**DATASET EXCERPT:**
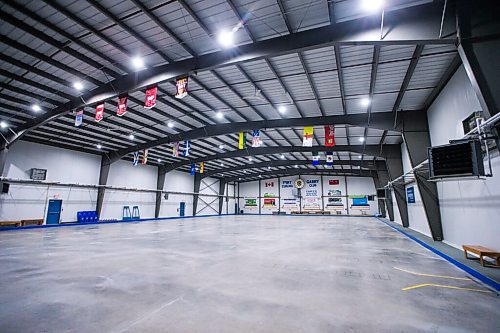 MIKAELA MACKENZIE / WINNIPEG FREE PRESS

The empty ice shed at the Fort Garry Curling Club in Winnipeg on Thursday, June 4, 2020. For Jay Bell story.
Winnipeg Free Press 2020.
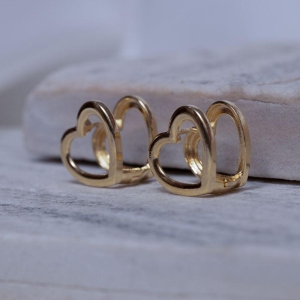 BRINCO ARGOLA CORAÇÃO M DUPLO VAZADO BANHO OURO 18K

**TASK OBJECTIVE:**
From the first line to the last, copy the listing above exactly and leave out the images.

**YOUR SOLUTION:**
 MIKAELA MACKENZIE / WINNIPEG FREE PRESS

The empty ice shed at the Fort Garry Curling Club in Winnipeg on Thursday, June 4, 2020. For Jay Bell story.
Winnipeg Free Press 2020.
 BRINCO ARGOLA CORAÇÃO M DUPLO VAZADO BANHO OURO 18K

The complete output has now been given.